But oh, how mama liked it.

"I once saw her as Joan of Arc in Maxwell Anderson's Joan of Lorraine. I must have been eight. It impressed me a good deal, obviously."

How do you feel about "Gone With the Wind"? "What do you mean, how do I feel? I grew up with that. My grandmother knew Margaret Mitchell. My mother auditioned for the role of Scarlett O'Hara for the movie. She was the queen of University of Georgia theatre. She died at 80, in 1999. She played Miss Daisy in Driving Miss Daisy for well over a year at the Alliance Theatre in Atlanta, after I'd created it opposite Morgan Freeman at Playwrights Horizons. We think it's the first time a mother ever succeeded a daughter in the role instead of the other way round."

MRS. MALAPROP: Sir, you overpower me with good breeding. — He is the very pineapple of politeness!

There's something about malapropism that seems very applicable to political life. A certain president named Eisenhower and a certain vice president named Quayle pop into mind. Need we come closer yet?

"Oh well, I'm not qualified to speak on that," Ivey says, and stops. After a moment or two: "I have very rabid views."

Did you say rabid, ma'am?

"Rabid."

Well, we now do have a president who . . .

"I'm not sure they're malapropisms. I don't think he has the hold on malaprops that she does. He just says stupid things. And for all her mistakes, she has good feelings. . ."
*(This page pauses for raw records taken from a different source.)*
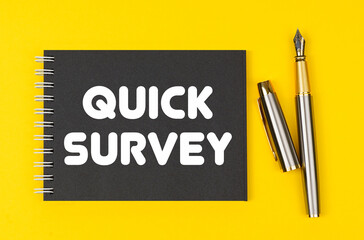 On a yellow background lies a pen and a black notebook with the inscription - Quick Survey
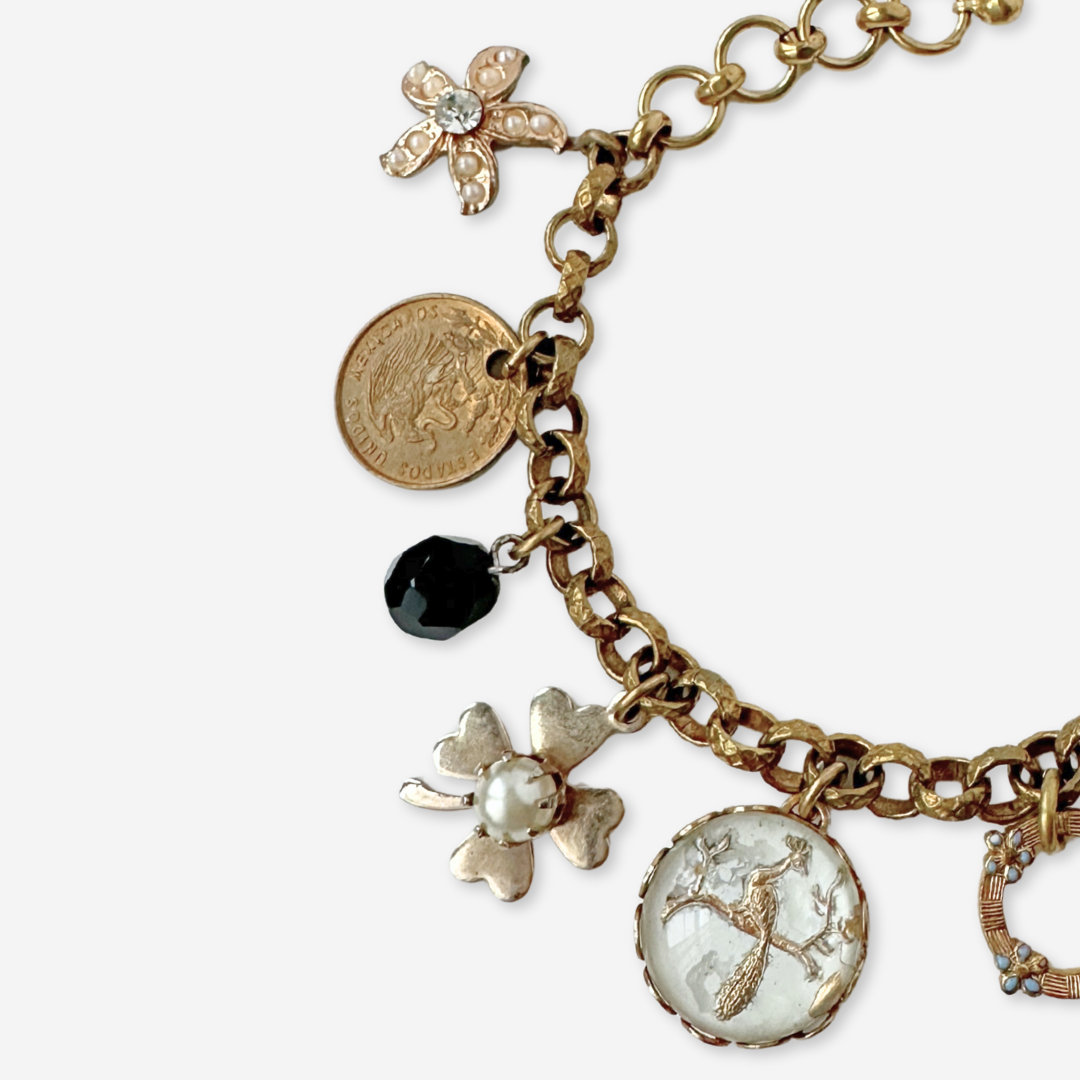 Repurposed vintage pearl and gold tone peacock charm bracelet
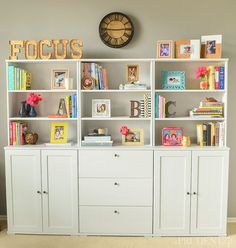 a white bookcase with lots of books on top of it and yellow circles in the middle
Dana Ivey has no strings, no connections, "no significant other." What she does have is ability, stage presence and work. She travels a lot, between work. There's a ring on her left hand that's "a present from me to myself." She got it last February in Sri Lanka. She's been three times to Egypt with Archaeological Tours and once to Sri Lanka. In London she knows — as this writer does — where the plaque is, off Piccadilly near Shepherd's Market, marking the residence there for some years of Richard Brinsley Sheridan. Mrs. Malaprop runs the antiques shop around the corner.

CAPTAIN JACK ABSOLUTE: I have hopes, madam, that time will bring the young lady —
MRS. MALAPROP: Oh, there's nothing to be hoped for from her! she's as headstrong as an allegory on the banks of the Nile.